The data behind the headline: borrowers who had a student loan payment newly reported as delinquent saw their scores drop an average of 62 points since January 2025.1 A 62-point drop can push a borrower from the "Good" range into "Fair" — a shift that raises interest rates on car loans by 2 to 4 percentage points, disqualifies applicants at some landlords, and can appear in employer background checks.
How the Delinquency Numbers Jumped
Severe student loan delinquencies — balances 90 or more days past due — sat at just 0.8% in October 2024. By April 2025, that number had reached 10.9%. It remained near 11% as of October 2025.1
The spike maps almost exactly onto the end of broad federal student loan forbearance and the legal turmoil around the SAVE repayment plan. The SAVE plan was the Biden administration's income-driven repayment program that had enrolled millions of borrowers at low or zero-dollar payments. Courts blocked it, the Trump administration began dismantling it, and millions of borrowers were left in limbo — either in administrative forbearance with no interest accruing but no clear path forward, or suddenly required to make payments without a plan they'd agreed to or could afford.
Many borrowers simply didn't know what plan they were on, what their payment was, or where to send it.
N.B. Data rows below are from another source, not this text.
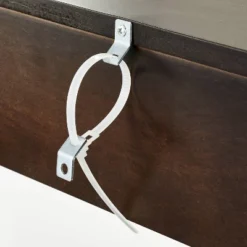 East Bluff Woven Drawer Console Table - Threshold™ Designed With Studio McGee -West Elm GUEST 148783c5 134a 4cc7 8919 da6beb44f2cd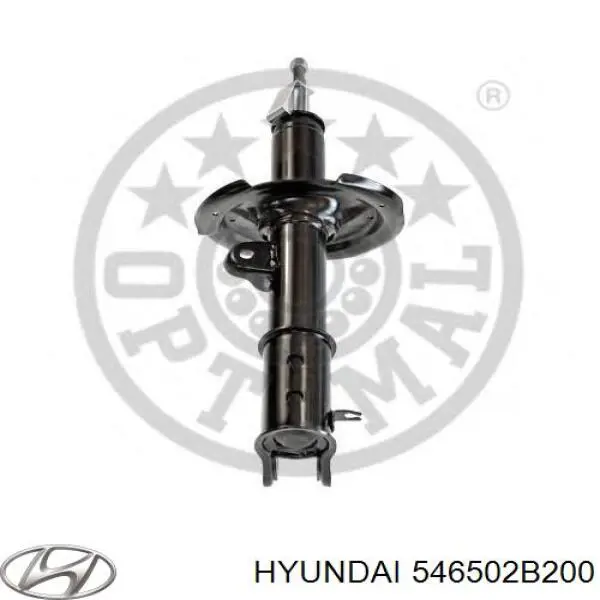 Купить 546502B200 Hyundai/Kia Амортизатор подвески передний левый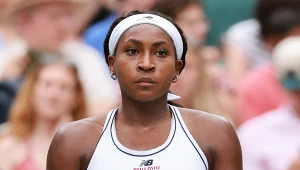 Coco Gauff rywalizowała z Claire Liu o awans do czwartej rundy Wimbledonu 2026
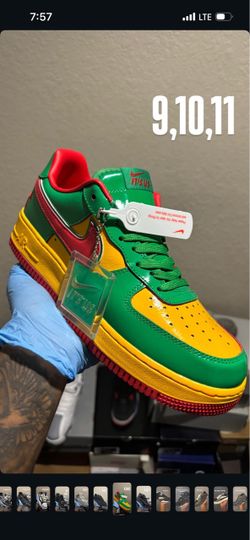 Lil yatchy concrete Air Force’s
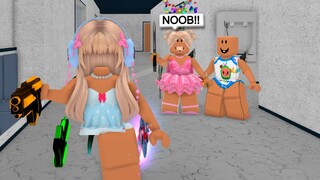 I met 6 Year Old TOXIC Teamers, SO I DESTROYED Them..(Murder Mystery 2)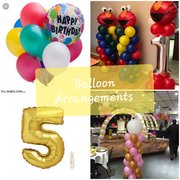 Balloon Arrangements and More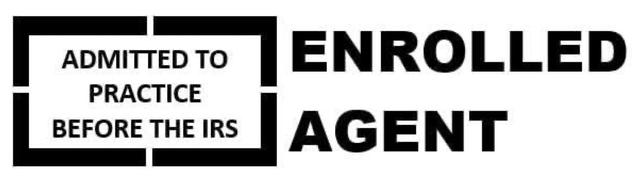 LaRock Enrolled IRS Agent Credential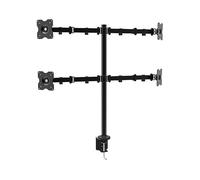 SUPPORTO PER TV E MONITOR APPROX appSMF02 da 10 " a 27 ", portata max 10 kg, VESA max Compatibilità interfaccia di montaggio 75 x 75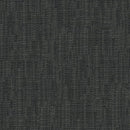 A close-up of a dark charcoal textured tile with a subtle herringbone pattern.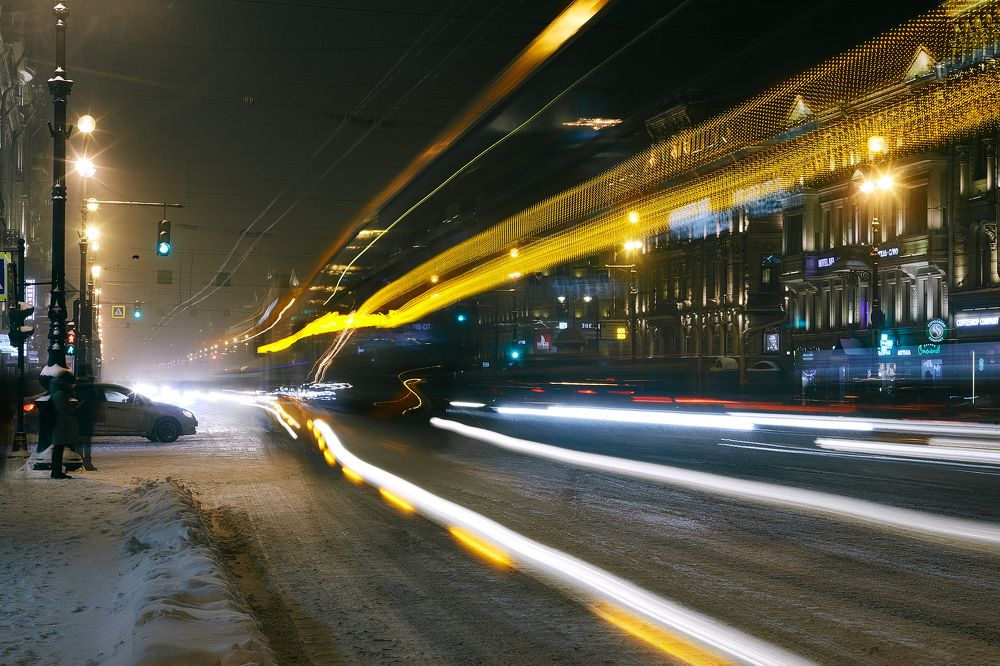 Чужой маршрут. / Not my route.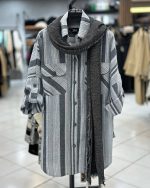 مانتو شومیزی زنانه مدل آرمیتا - تصویر 2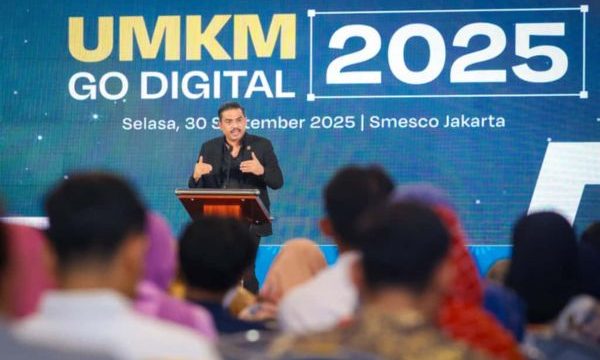 Menteri UMKM Maman Abdurrahman. (foto: Humas Kemen UMKM)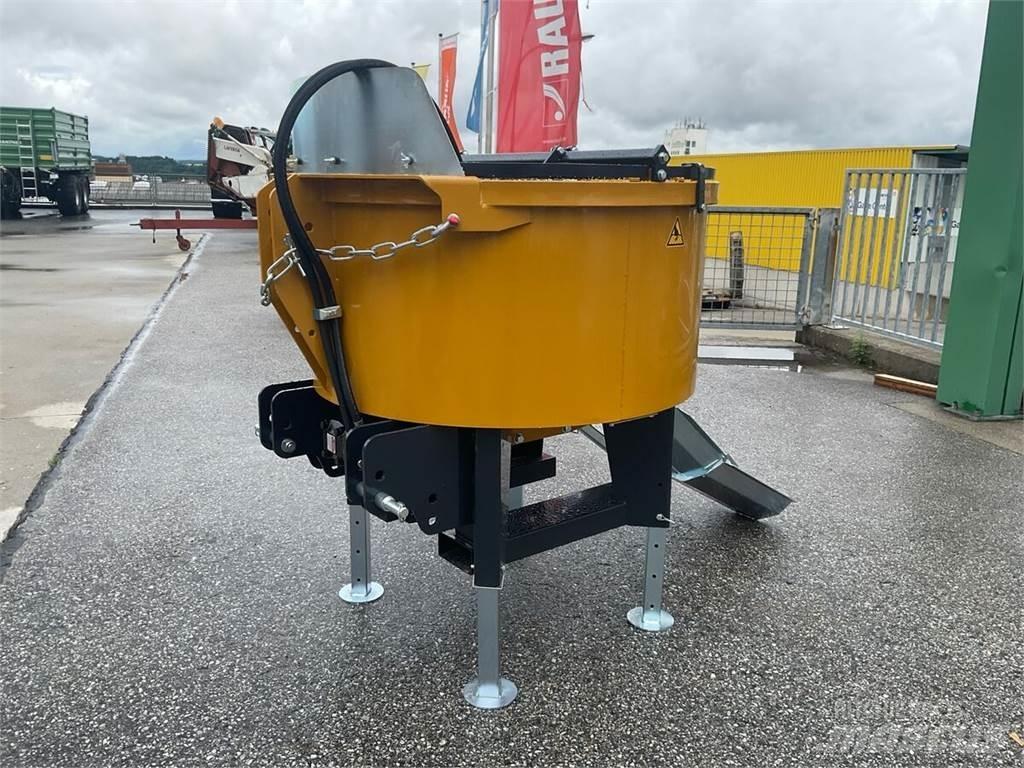 Mammut TM 125 Autobetoniere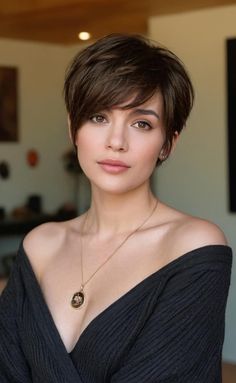 Pixie Neckline, Boy Cute Haircuts For Women, Karen Haircut, Short Bleached Hair, Fine Hair Cuts, Edgy Pixie, Asian Short Hair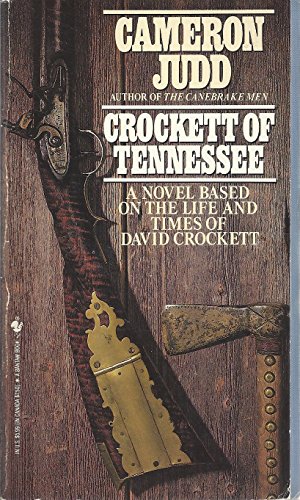 Beispielbild fr Crockett Of Tennessee zum Verkauf von Foxtrot Books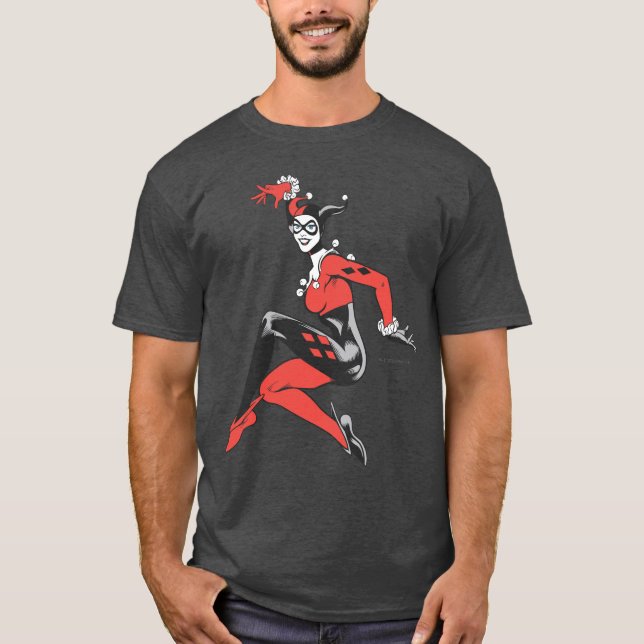 Camiseta Harley Quinn 1 (Anverso)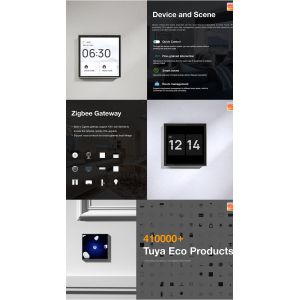 4inch smart home control panel Remote Control device For Convenient Home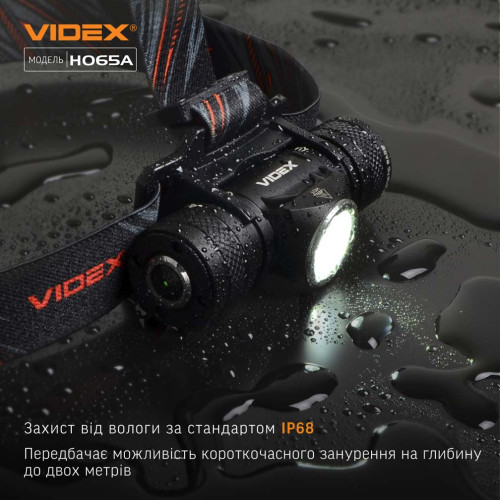 Налобный светодиодный фонарь VIDEX VLF-H065A фото 22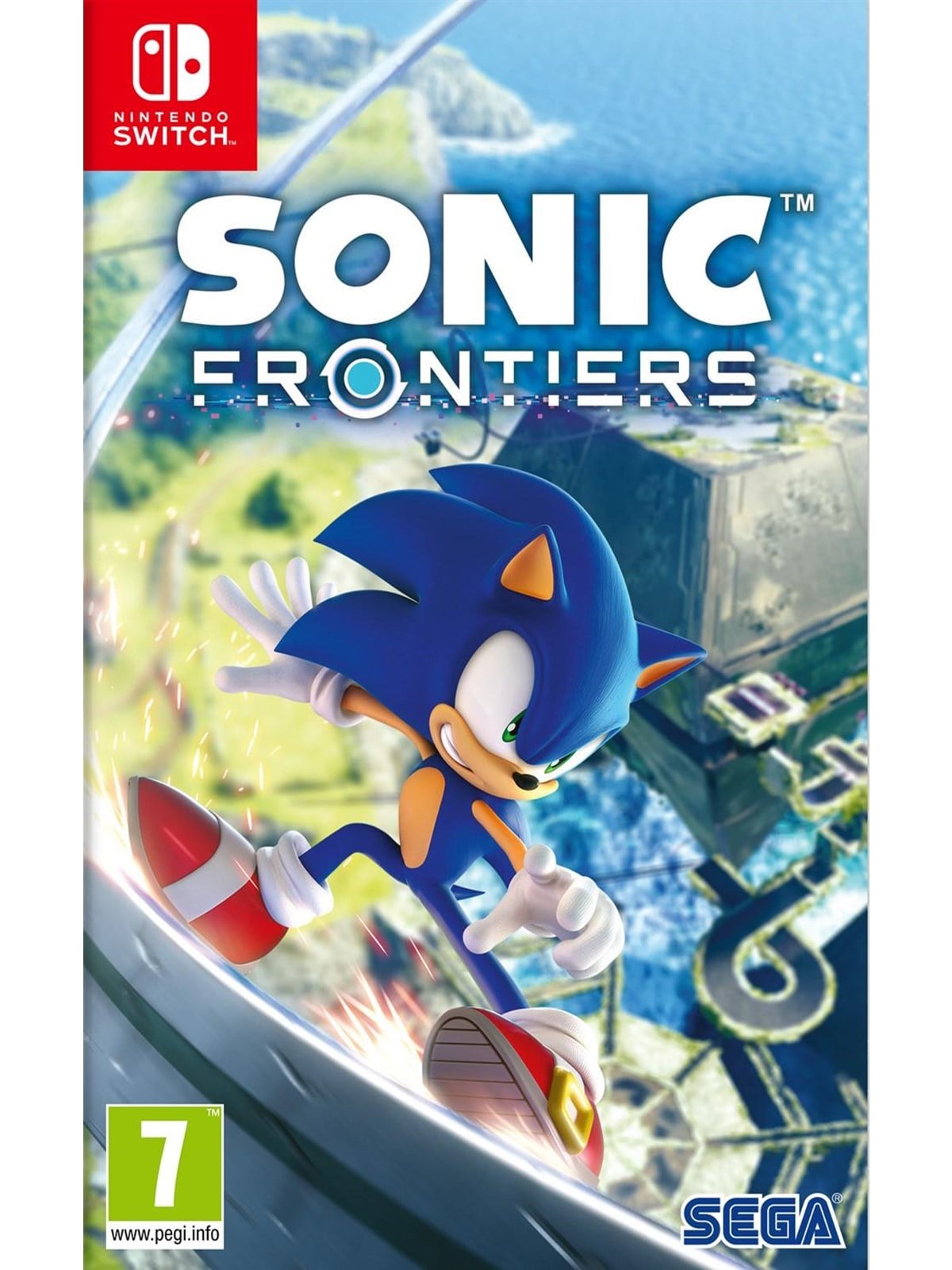 Sonic Frontiers - Nintendo Switch - Platformer - Pegi 7 - Spiele - 5055277048380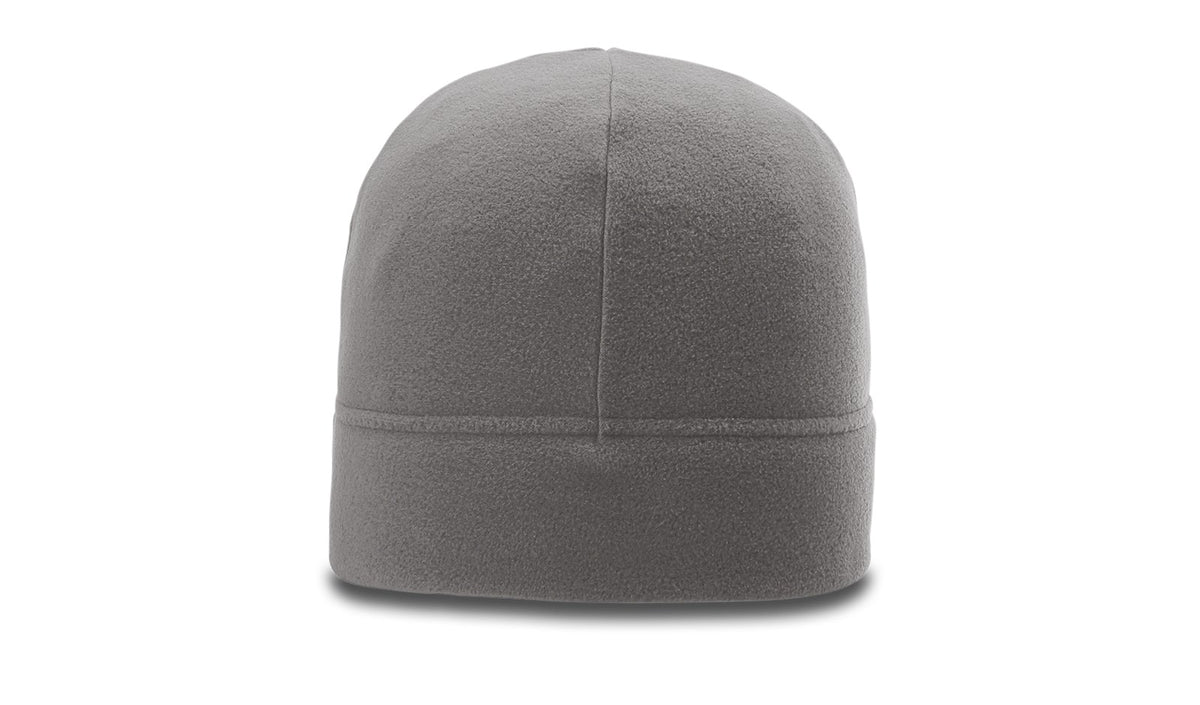 Charcoal Microfleece Beanie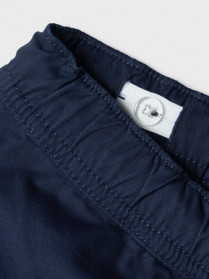 NAME IT Twill Shorts Ryan Navy Blazer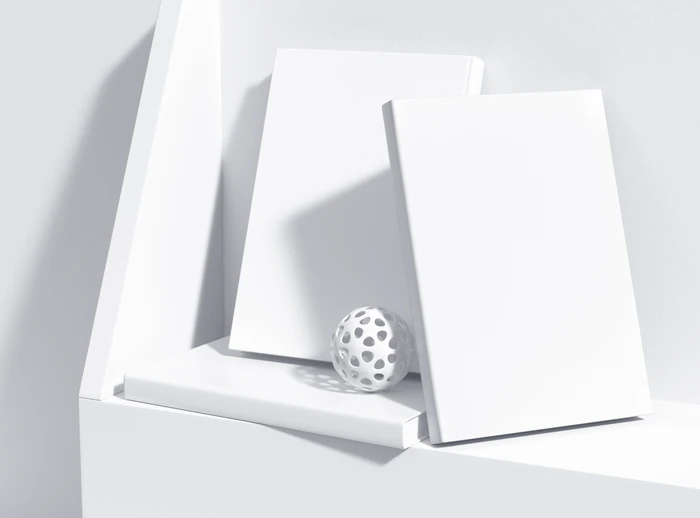 Free 3 Book Mockup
When that uncertainty meets a missed due date, a delinquency gets reported.
62 points — Average FICO score drop for borrowers with a newly reported student loan delinquency, since January 2025FICO Spring 2026 Credit Score Insights Report
Gen Z Is Hit Hardest
Fortune reported in March 2026 that Gen Z credit scores have declined sharply under current student loan conditions.2 That's partly because younger borrowers have shorter credit histories — making any negative item proportionally more damaging — and partly because recent graduates are entering repayment just as the repayment landscape has grown more chaotic.
The average student loan debt for recent bachelor's degree graduates runs about $30,000. Monthly payments under a standard 10-year plan on that balance come to roughly $300. That's not unmanageable for many borrowers — but only if they know what plan they're on and are actually enrolled.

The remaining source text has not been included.